= Task goal =
Only one number is wanted here: how many lines of the data hold "Picture".

= Listed records =
/---
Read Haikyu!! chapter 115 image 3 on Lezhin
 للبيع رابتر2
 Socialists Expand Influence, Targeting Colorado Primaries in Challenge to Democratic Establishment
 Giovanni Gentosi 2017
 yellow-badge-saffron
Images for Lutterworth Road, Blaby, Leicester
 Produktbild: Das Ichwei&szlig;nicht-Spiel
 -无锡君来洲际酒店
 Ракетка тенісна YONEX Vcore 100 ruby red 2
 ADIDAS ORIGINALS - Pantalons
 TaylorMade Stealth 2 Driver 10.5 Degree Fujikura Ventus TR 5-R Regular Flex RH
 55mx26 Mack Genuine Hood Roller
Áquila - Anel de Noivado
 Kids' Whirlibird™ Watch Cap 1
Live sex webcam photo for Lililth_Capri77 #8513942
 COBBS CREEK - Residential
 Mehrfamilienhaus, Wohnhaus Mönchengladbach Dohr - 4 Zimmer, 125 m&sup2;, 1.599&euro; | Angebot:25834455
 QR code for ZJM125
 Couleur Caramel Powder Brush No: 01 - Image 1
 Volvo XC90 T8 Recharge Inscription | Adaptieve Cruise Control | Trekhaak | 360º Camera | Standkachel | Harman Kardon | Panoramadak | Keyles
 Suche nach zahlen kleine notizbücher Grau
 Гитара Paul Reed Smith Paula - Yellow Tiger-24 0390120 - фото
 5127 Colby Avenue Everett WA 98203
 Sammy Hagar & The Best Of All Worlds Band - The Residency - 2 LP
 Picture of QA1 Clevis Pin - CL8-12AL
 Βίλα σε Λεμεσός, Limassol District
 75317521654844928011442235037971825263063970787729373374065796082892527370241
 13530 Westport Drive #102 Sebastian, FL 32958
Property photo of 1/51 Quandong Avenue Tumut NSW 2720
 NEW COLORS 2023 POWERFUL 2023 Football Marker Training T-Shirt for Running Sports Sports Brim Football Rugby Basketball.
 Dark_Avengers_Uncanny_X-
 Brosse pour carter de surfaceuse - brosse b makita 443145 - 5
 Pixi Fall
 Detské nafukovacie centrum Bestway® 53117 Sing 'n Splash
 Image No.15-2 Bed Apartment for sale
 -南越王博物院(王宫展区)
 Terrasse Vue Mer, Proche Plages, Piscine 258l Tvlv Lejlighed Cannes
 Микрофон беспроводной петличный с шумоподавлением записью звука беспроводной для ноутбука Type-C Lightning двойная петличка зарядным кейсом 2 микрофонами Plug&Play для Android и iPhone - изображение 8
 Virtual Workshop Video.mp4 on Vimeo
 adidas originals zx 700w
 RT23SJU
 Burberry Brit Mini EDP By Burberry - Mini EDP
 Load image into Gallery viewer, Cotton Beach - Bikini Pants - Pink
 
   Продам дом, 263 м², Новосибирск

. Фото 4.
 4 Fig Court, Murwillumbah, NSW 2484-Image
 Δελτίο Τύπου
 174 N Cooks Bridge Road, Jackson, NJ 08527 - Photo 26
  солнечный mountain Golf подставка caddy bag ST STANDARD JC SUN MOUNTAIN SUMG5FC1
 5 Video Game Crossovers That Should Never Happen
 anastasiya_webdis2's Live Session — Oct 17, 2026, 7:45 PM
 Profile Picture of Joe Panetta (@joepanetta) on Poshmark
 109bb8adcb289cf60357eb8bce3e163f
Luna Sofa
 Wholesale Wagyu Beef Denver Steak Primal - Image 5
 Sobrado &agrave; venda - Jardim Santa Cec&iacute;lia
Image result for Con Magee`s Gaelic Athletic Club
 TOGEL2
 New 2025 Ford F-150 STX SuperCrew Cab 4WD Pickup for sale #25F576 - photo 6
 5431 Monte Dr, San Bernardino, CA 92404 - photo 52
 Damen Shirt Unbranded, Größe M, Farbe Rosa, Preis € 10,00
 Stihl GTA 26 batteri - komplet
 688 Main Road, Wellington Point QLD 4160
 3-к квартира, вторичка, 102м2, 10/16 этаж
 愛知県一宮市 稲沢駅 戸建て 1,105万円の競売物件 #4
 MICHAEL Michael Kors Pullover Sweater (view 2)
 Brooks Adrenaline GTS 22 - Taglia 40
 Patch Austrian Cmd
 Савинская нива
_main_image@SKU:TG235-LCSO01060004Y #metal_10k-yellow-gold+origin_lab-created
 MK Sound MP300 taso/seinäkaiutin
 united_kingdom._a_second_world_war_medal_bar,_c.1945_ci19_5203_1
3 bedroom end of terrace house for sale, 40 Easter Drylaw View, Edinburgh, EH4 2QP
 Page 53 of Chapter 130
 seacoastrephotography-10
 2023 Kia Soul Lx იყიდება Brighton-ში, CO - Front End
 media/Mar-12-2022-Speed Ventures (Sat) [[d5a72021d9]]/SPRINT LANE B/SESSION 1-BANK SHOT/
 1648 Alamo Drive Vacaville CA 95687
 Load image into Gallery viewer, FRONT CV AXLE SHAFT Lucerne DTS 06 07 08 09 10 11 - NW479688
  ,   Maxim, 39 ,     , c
\---
= Exercise answer =
2